Probably our nation’s greatest poet, Simon Armitage has published a follow up to Walking Home called Walking Away – a very entertaining travelogue of his walk along the south west coastal path as a modern day troubadour, reciting poetry to groups of people in exchange for bed and board. He undertook the challenge after getting ‘itchy feet’, he confessed, needing to get out into the world in order to discover things to write about. The south west path was almost the same distance as the Pennine way, and although it seemed to be an easier walk, it required a great deal of concentration, as in one direction was a steep cliff and the sea beyond…
He read an extract detailing a horrendous night spent at a Butlins Holiday Camp, which, he admitted ‘could have formed a book on its own’ During the walk he encountered the generousity of strangers and met some good people, and it was these experiences that kept him going despite the tiredness and melancholy that often accompanied him.
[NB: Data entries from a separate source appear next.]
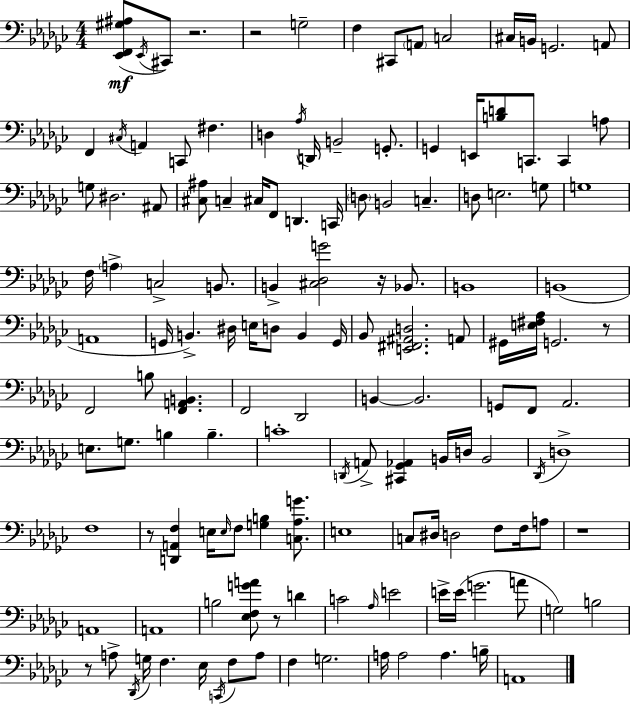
[Eb2,F2,G#3,A#3]/e Eb2/s C#2/e R/h. R/h G3/h F3/q C#2/e A2/e C3/h C#3/s B2/s G2/h. A2/e F2/q C#3/s A2/q C2/e F#3/q. D3/q Ab3/s D2/s B2/h G2/e. G2/q E2/s [B3,D4]/e C2/e. C2/q A3/e G3/e D#3/h. A#2/e [C#3,A#3]/e C3/q C#3/s F2/e D2/q. C2/s D3/e B2/h C3/q. D3/e E3/h. G3/e G3/w F3/s A3/q C3/h B2/e. B2/q [C#3,Db3,G4]/h R/s Bb2/e. B2/w B2/w A2/w G2/s B2/q. D#3/s E3/s D3/e B2/q G2/s Bb2/e [E2,F#2,A#2,D3]/h. A2/e G#2/s [E3,F#3,Ab3]/s G2/h. R/e F2/h B3/e [F2,A2,B2]/q. F2/h Db2/h B2/q B2/h. G2/e F2/e Ab2/h. E3/e. G3/e. B3/q B3/q. C4/w D2/s A2/e [C#2,Gb2,Ab2]/q B2/s D3/s B2/h Db2/s D3/w F3/w R/e [D2,A2,F3]/q E3/s E3/s F3/e [G3,B3]/q [C3,Ab3,G4]/e. E3/w C3/e D#3/s D3/h F3/e F3/s A3/e R/w A2/w A2/w B3/h [Eb3,F3,G4,A4]/e R/e D4/q C4/h Ab3/s E4/h E4/s E4/s G4/h. A4/e G3/h B3/h R/e A3/e Db2/s G3/s F3/q. Eb3/s C2/s F3/e A3/e F3/q G3/h. A3/s A3/h A3/q. B3/s A2/w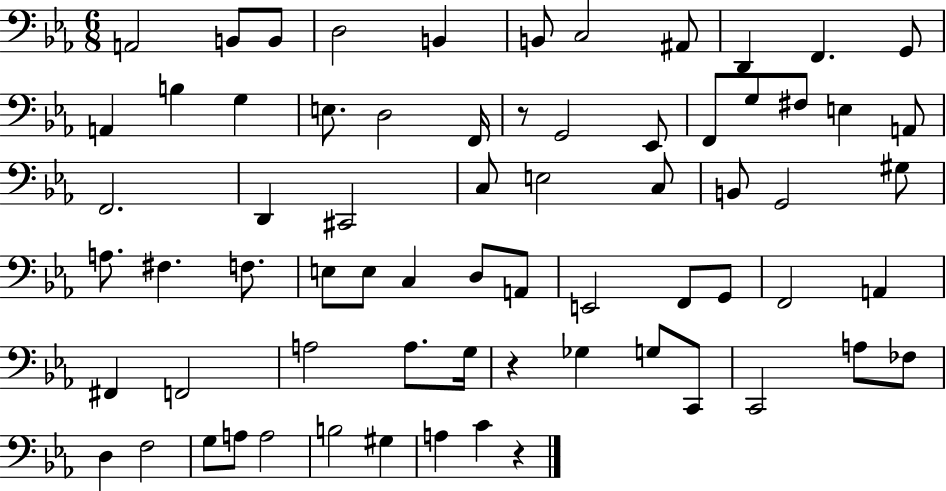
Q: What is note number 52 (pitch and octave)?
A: Gb3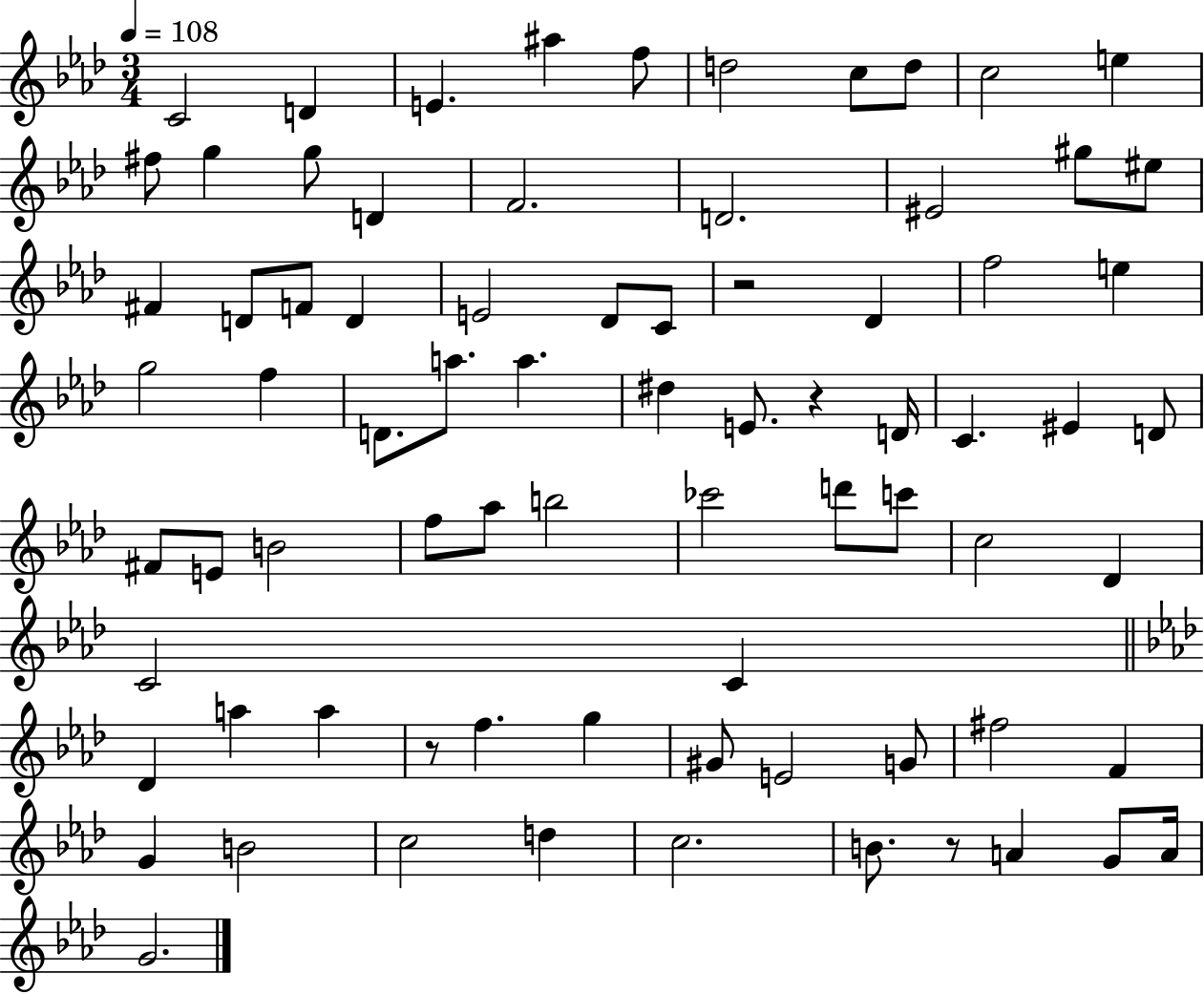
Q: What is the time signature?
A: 3/4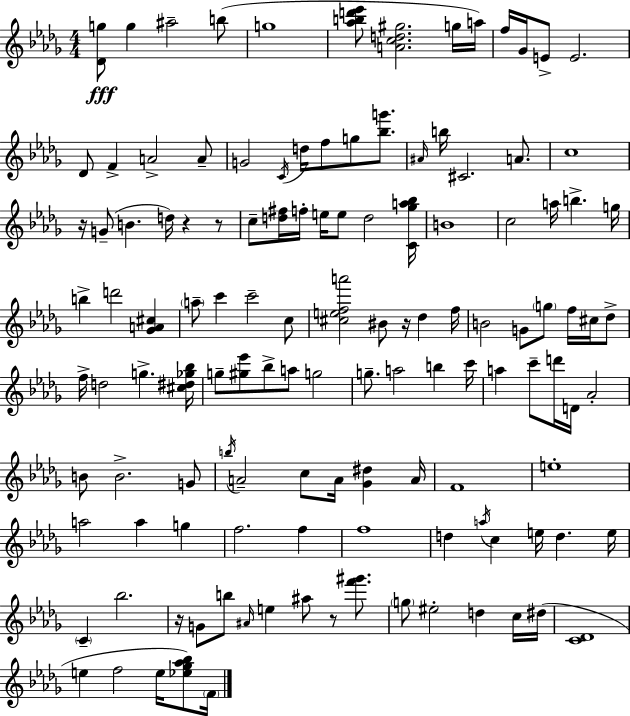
X:1
T:Untitled
M:4/4
L:1/4
K:Bbm
[_Dg]/2 g ^a2 b/2 g4 [_abd'_e']/2 [Acd^g]2 g/4 a/4 f/4 _G/4 E/2 E2 _D/2 F A2 A/2 G2 C/4 d/4 f/2 g/2 [_bg']/2 ^A/4 b/4 ^C2 A/2 c4 z/4 G/2 B d/4 z z/2 c/2 [d^f]/4 f/4 e/4 e/2 d2 [C_ga_b]/4 B4 c2 a/4 b g/4 b d'2 [_GA^c] a/2 c' c'2 c/2 [^cefa']2 ^B/2 z/4 _d f/4 B2 G/2 g/2 f/4 ^c/4 _d/2 f/4 d2 g [^c^d_g_b]/4 g/2 [^g_e']/2 _b/2 a/2 g2 g/2 a2 b c'/4 a c'/2 d'/4 D/4 _A2 B/2 B2 G/2 b/4 A2 c/2 A/4 [_G^d] A/4 F4 e4 a2 a g f2 f f4 d a/4 c e/4 d e/4 C _b2 z/4 G/2 b/2 ^A/4 e ^a/2 z/2 [f'^g']/2 g/2 ^e2 d c/4 ^d/4 [C_D]4 e f2 e/4 [_e_g_a_b]/2 F/4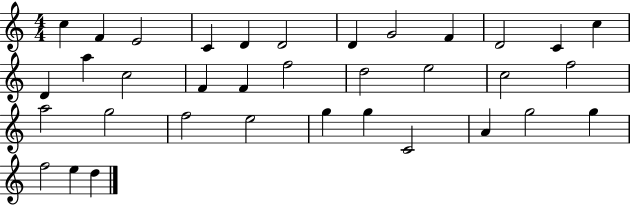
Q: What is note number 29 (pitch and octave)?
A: C4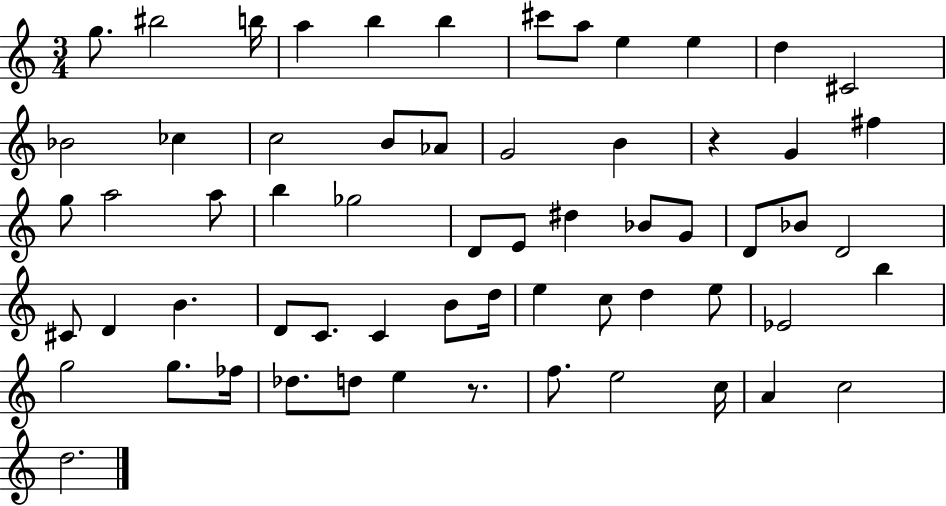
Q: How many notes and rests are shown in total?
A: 62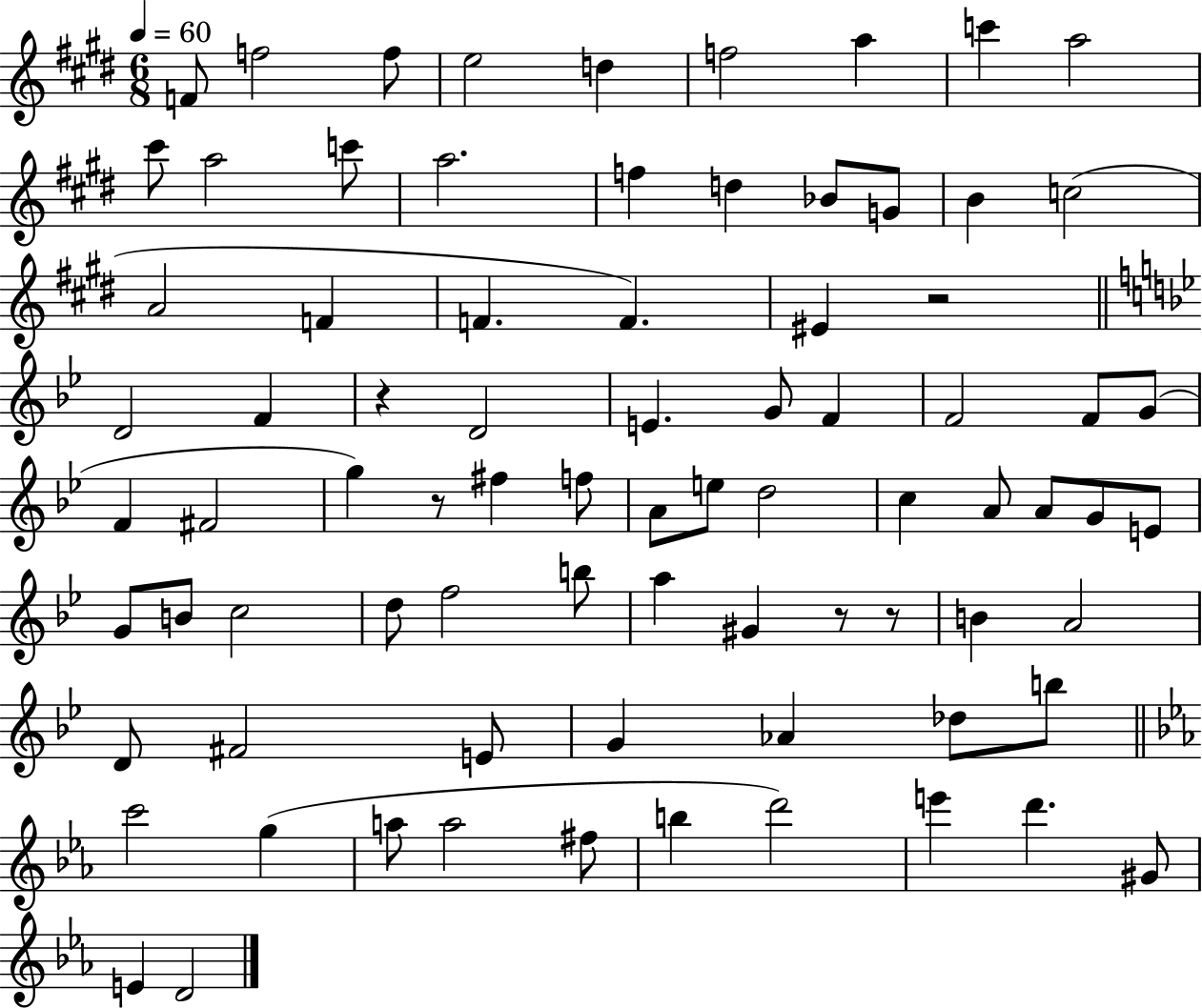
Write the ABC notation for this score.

X:1
T:Untitled
M:6/8
L:1/4
K:E
F/2 f2 f/2 e2 d f2 a c' a2 ^c'/2 a2 c'/2 a2 f d _B/2 G/2 B c2 A2 F F F ^E z2 D2 F z D2 E G/2 F F2 F/2 G/2 F ^F2 g z/2 ^f f/2 A/2 e/2 d2 c A/2 A/2 G/2 E/2 G/2 B/2 c2 d/2 f2 b/2 a ^G z/2 z/2 B A2 D/2 ^F2 E/2 G _A _d/2 b/2 c'2 g a/2 a2 ^f/2 b d'2 e' d' ^G/2 E D2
Walking gives him a balance between writing in solitude and being out in the world, finding and experiencing things to write about. Training for the walk wasn’t something he thought about; ‘walking on day one is training for day two!’
After a slide show of photos (‘what I did on my holidays’) from the walk, he confessed that he probably won’t be writing any more fiction or non fiction, feeling that he is more ‘wired up for poetry’ Either way, I still remain an avid fan.